Between 2011 and 2018, felony jury trials ended in a conviction around 70 to 80 percent of the time, according to state data. Between 2019 and 2022, the conviction rate dropped into the mid to low 60s, though last year it rebounded to 72 percent. Murder convictions have risen in the last two years, but so have dismissals and jury acquittals, including some high-profile losses

Critics fault Ogg’s management style, saying she has created a hostile work environment and pushed people out of the office. Newman conceded that Ogg needed more prosecutors than she had to do her job well, but argued she needed to be a better manager to “retain good ones.” 

Ogg pushes back on accusations against her, blaming low morale instead on the widespread, loud criticism of her office: “I’m proud of the record we have. Our programs are more progressive than anywhere in the state.”


On a warm December evening in a University of Houston ballroom, hundreds of Democratic Party members gathered to make clear just how far Ogg had veered from her party’s good graces.

Precinct chairs voted overwhelmingly to admonish her, essentially a statement of no confidence, as she headed into the 2024 election year. In the resolution, Democrats alleged that Ogg “abused the power of her office to pursue personal vendettas against her political opponents, sided with Republicans to advance their extremist agenda, and stood in the way of fixing the broken criminal justice system.” 

She was slammed for supporting proposed mandatory minimum sentences for gun crimes and for reversing her policy of requiring lab reports before accepting any drug possession charges, given testing backlogs. Democrats also condemned Ogg’s big campaign donations from Republican mega-donors and the bail bonds industry.

In the moment, Ogg reacted calmly with none of the fire and sharp attacks she’s become known for. She wasn’t allowed to use the microphone but cupped her hands together and yelled at the front of the room for anyone who could hear, thanking everyone for being there regardless of how they voted.

“This political infighting is damaging to the process, but this is not representative of the Democratic Party,” she said later.

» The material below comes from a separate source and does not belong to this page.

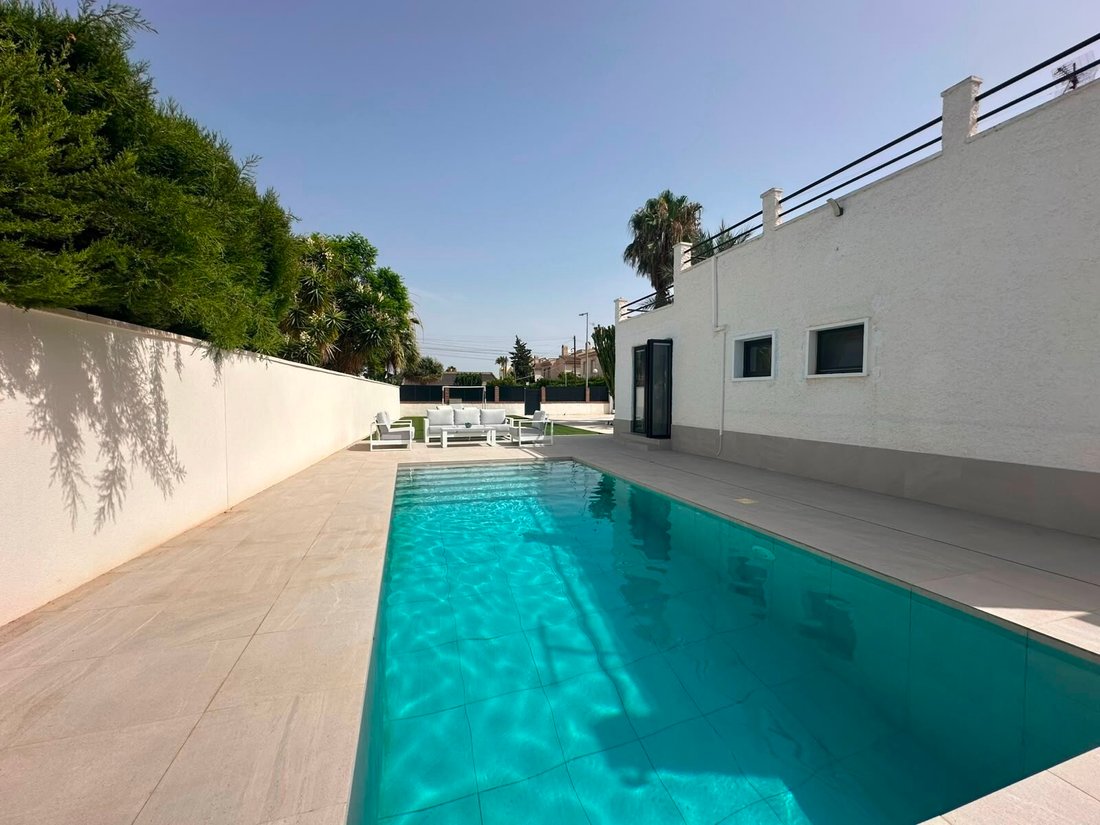 Villa in San Fulgencio, Valencian Community, Spain 2 - 18457502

Ogg blames Teare, her March primary opponent, for what she called a “misinformation campaign” against her. Some of the loudest condemnation came from Ogg’s pursuit of cases that lobbed accusations against Ellis and Hidalgo’s staff. In 2021, a grand jury declined to charge Ellis for storing a cache of African art in a government warehouse without authorization. In 2022, three Hidalgo aides were indicted for allegedly favoring a politically connected vendor in a vaccine outreach contract. Hidalgo called the investigation a “political vendetta.”

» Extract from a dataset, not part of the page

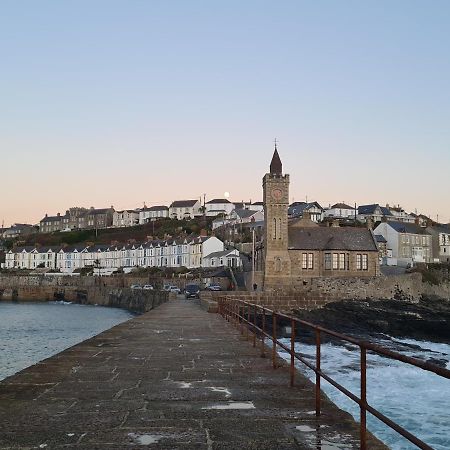 Sun Trap Porthleven Exterior photo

Ogg has argued a district attorney must be willing to investigate accusations of illegal activity committed by elected officials, regardless of party affiliations. To do otherwise would be corruption. 

“I intend to keep doing my job regardless of political pressure to drop cases or to show favoritism to certain people,” she said. 

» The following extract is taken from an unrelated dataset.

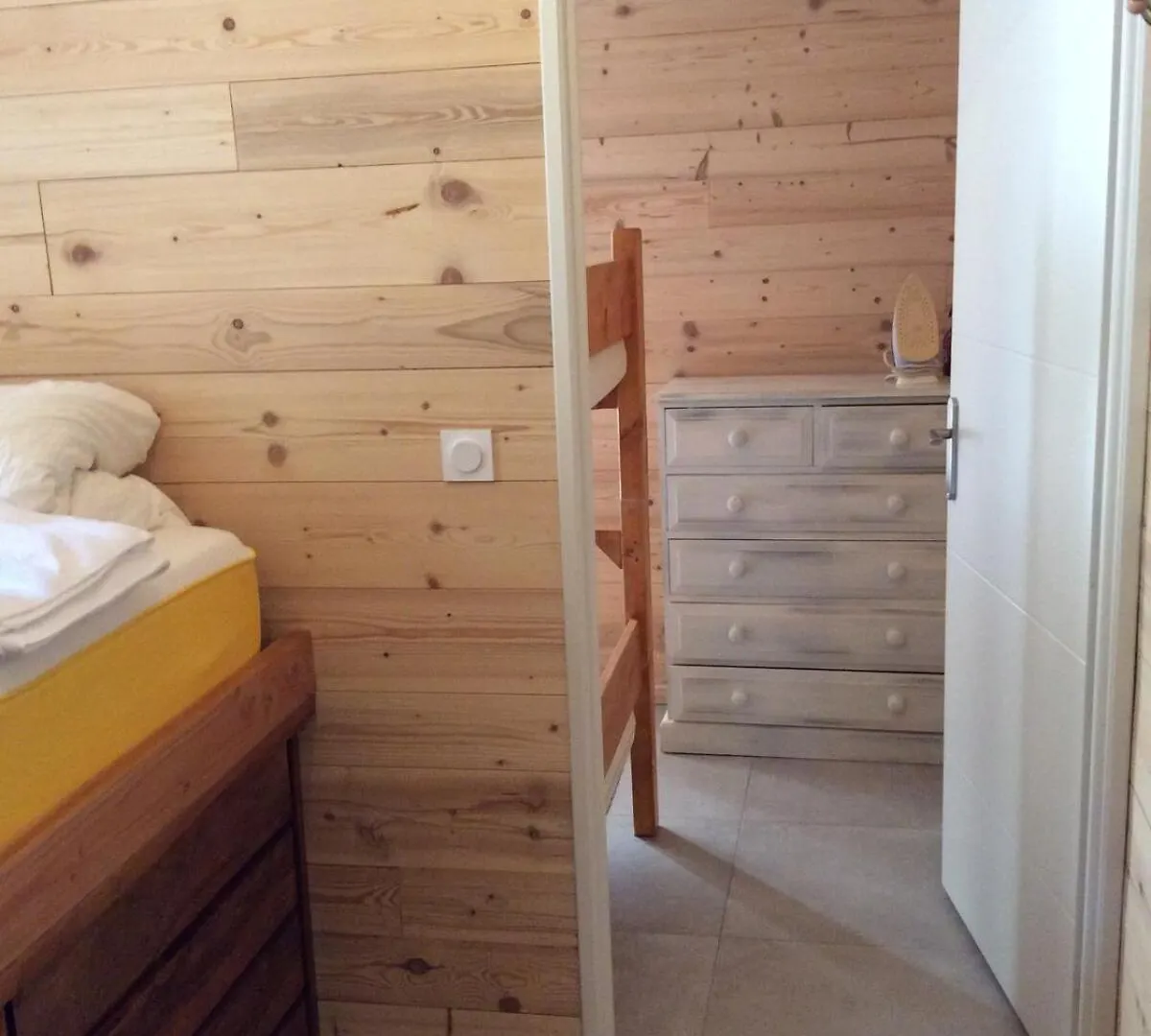 Huez Village Beautiful Apartment 0*,  France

Her political battles, however, have rippled into every aspect of Ogg’s job. Multiple attorneys said fights with county commissioners likely crushed her chances at hiring more prosecutors, and her animosity toward the courts worsened the backlog that devastated every part of Harris County’s criminal justice system.

“The lack of collaboration between the district attorney’s office and the bench played into the pandemic backlog,” said Teare, her primary challenger. “The lack of collaboration between other law enforcement agencies and our office; the lack of collaboration between the district attorney’s office and every other stakeholder played into it.”

“When you think of the DA’s office as a hub with spokes coming out, we are the clearinghouse for every criminal case in the county,” he added. “And if it’s not working right, nothing’s working right.”